CISL 2007 annual report banner

Experimental computing systems: Blue Gene/L

 
 
Blue Gene/L processor rack

The IBM Blue Gene/L computer "frost" at NCAR was innovative in more ways than just the shape of its cabinet when it was installed in 2005. Its high-performance, low-power-consumption design had great potential, but the system required R&D to become a useful tool for geosciences research. That work has been very successful, and frost is now performing at a high level in multiple roles for universities, NCAR, and the TeraGrid.

 

In March 2005, NCAR became one of the first sites in the world to receive an IBM Blue Gene/L (BG/L) supercomputing system. The system, named frost, consists of a single BG/L rack (2,048 compute processors, 64 I/O processors, 5.73 teraflops peak) and appeared as the 61st fastest computer in the world in the 25th Top500 List (released in June 2005). Frost was an experimental system to support researchers from NCAR, the University of Colorado at Boulder, and the University of Colorado at Denver who are investigating and addressing the technical obstacles to achieving practical petascale computing in geoscience, aerospace engineering, and mathematical applications.
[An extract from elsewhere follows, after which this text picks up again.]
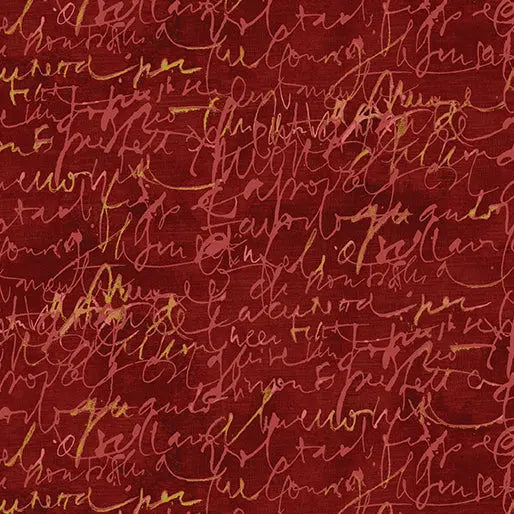 Red Fluidity Script Small Cotton 44/45" Fabric Per Yard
The opportunity to experiment with systems like BG/L is absolutely essential for NCAR to maintain its ability to provide capability and capacity supercomputing to the community. Moreover, low-power systems like BG/L (only 25 KW for 5.73 teraflops) offer the promise of significantly reducing the strain on the NCAR Mesa Lab's computing facility.

To consolidate experimental coumputer system research in CISL, the Research Systems Evaluation Team (ReSET) was formed in late 2005. The mission of ReSET is to administer and evaluate strategically selected experimental systems for CISL to gain maximum knowledge of and impact from emerging technologies. ReSET is housed in CISL's Computer Science Section, but it collaborates with staff members from other sections and groups across CISL to accomplish its mission. In mid-November 2005, frost became the first experimental system managed by ReSET.

During FY2007, members of ReSET continued working with the frost user community to significantly increase both the number and breadth of applications that can be run on frost. One example of this effort's impact is the development of a version of CCSM capable of exploiting massively parallel computing platforms like BG/L. While frost was an experimental system, ReSET's success in expanding the user and application code base produced system usage levels that are similar to those of the production supercomputing systems managed by CISL.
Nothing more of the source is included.